BEGIN

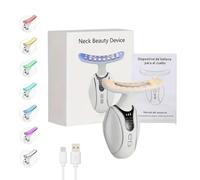 USB Rechargeable 7 Colour Neck Massager Beauty Device, 3 Speed Settings, Heat & Vibration Function, Micro Massage Therapy, Comfortable & Relaxing for Neck & Shoulder Care - (White) (Box Set)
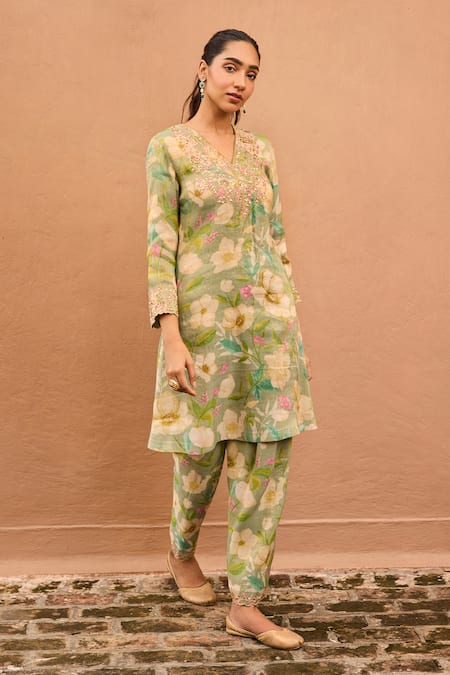 Shop_Dohr India_Green Tissue, Organza Zari, Sequins, Gulbaagh Floral Printed Kurta Salwar Set _Online_at_Aza_Fashions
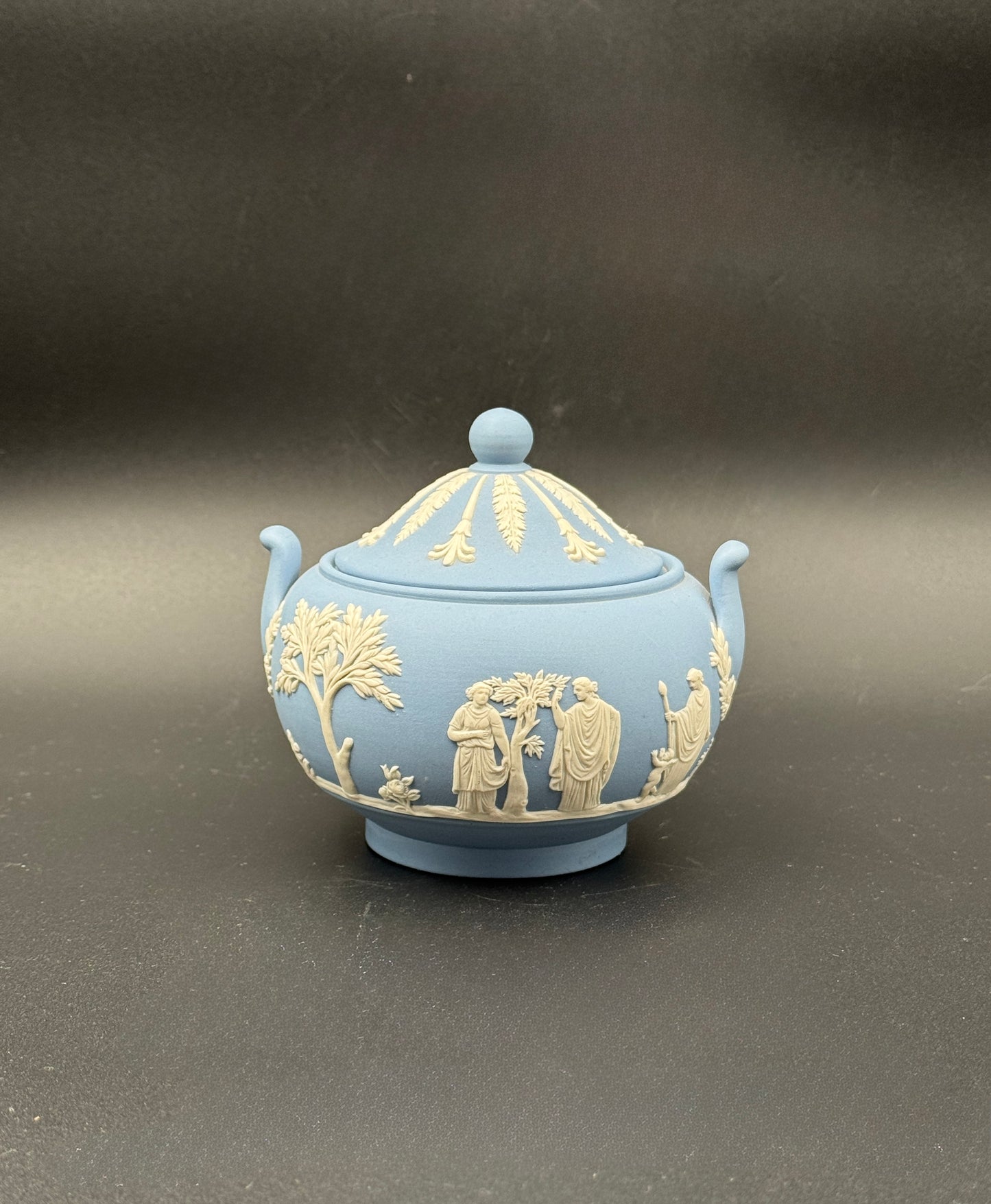 Wedgwood Jasperware Covered Bowl with Handles – Blue & White – England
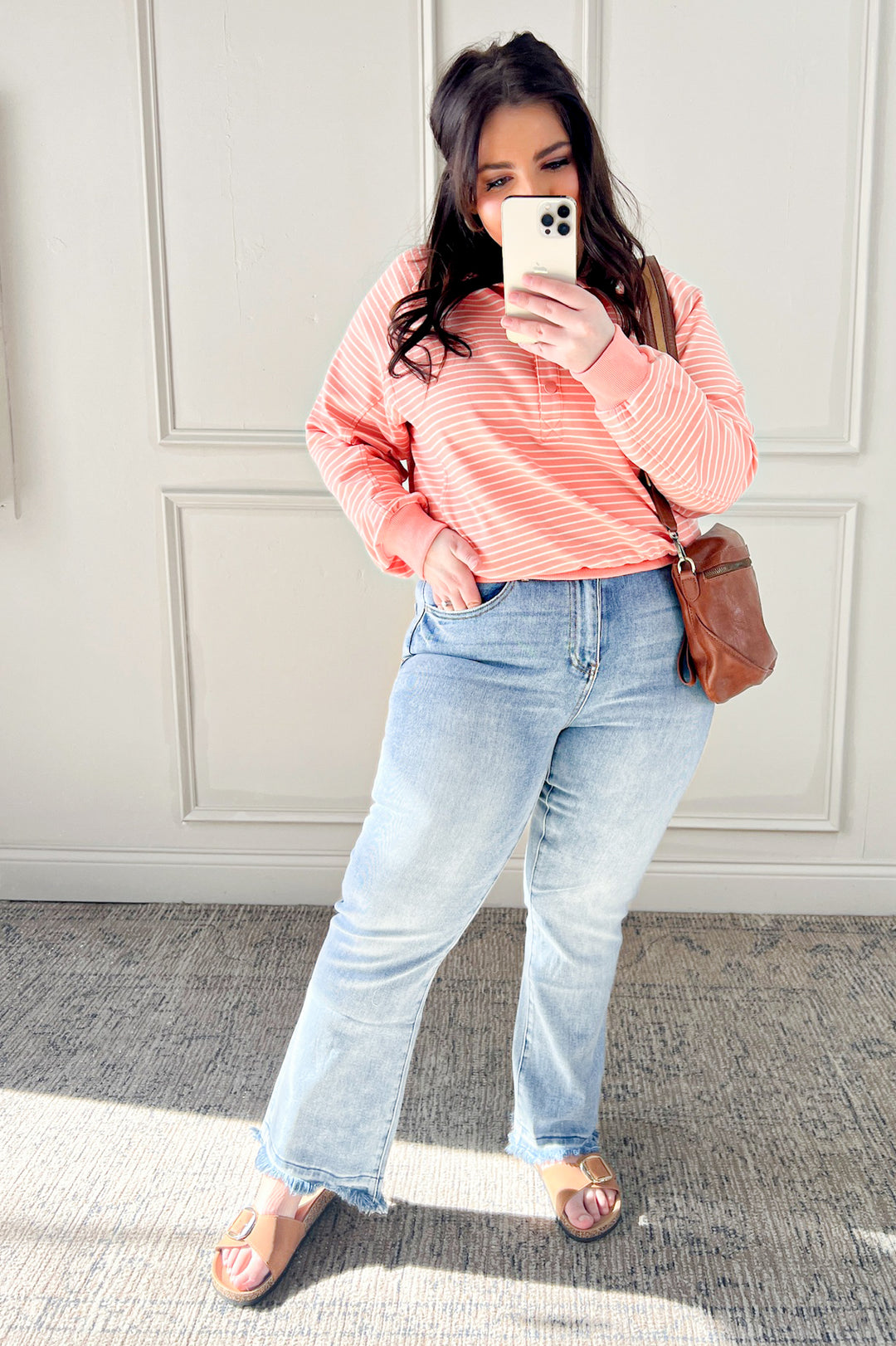 Collared Snap Button Striped Sweatshirt Pullover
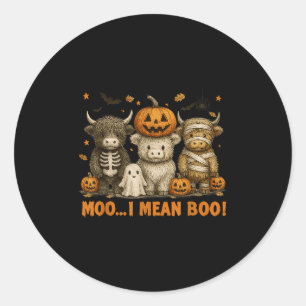 Ghost Cow Moo I Mean Boo Halloween Outfit Funny Co Classic Round Sticker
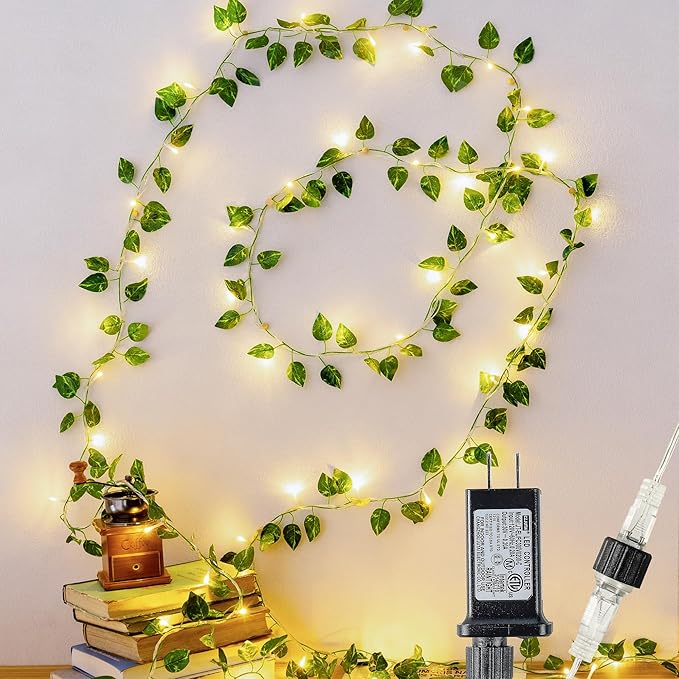 HEYFUNi Vines with Lights, 23 Ft 73 Led Faux Pothos String Lights Plug in, Leaf Lights for Bedroom, Wall, Balcony, Wedding Decor, Warm White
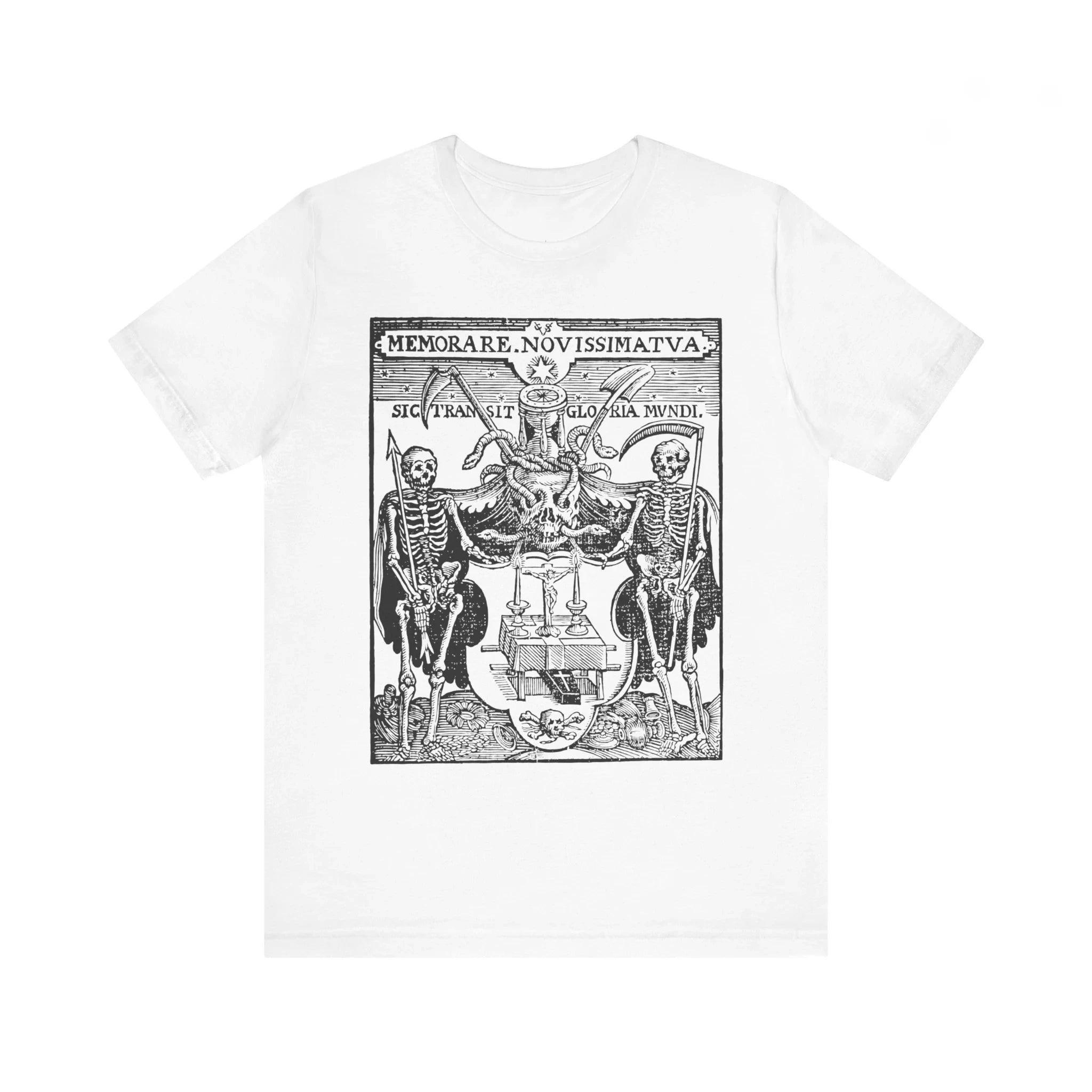 Watch Your End Christoffel Van Cicheem Art Medieval Woodcut Shirts Scary Dance T-shirts Creepy Retro Art All-male T-shirts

END

Aim of the task —
Only the lines from the one with "Collared Snap Button" to the last line of the listing, inclusive, are to be set down, exactly as they stand and without pictures.

Exercise response —
 Collared Snap Button Striped Sweatshirt Pullover
 Ghost Cow Moo I Mean Boo Halloween Outfit Funny Co Classic Round Sticker
 HEYFUNi Vines with Lights, 23 Ft 73 Led Faux Pothos String Lights Plug in, Leaf Lights for Bedroom, Wall, Balcony, Wedding Decor, Warm White
 Watch Your End Christoffel Van Cicheem Art Medieval Woodcut Shirts Scary Dance T-shirts Creepy Retro Art All-male T-shirts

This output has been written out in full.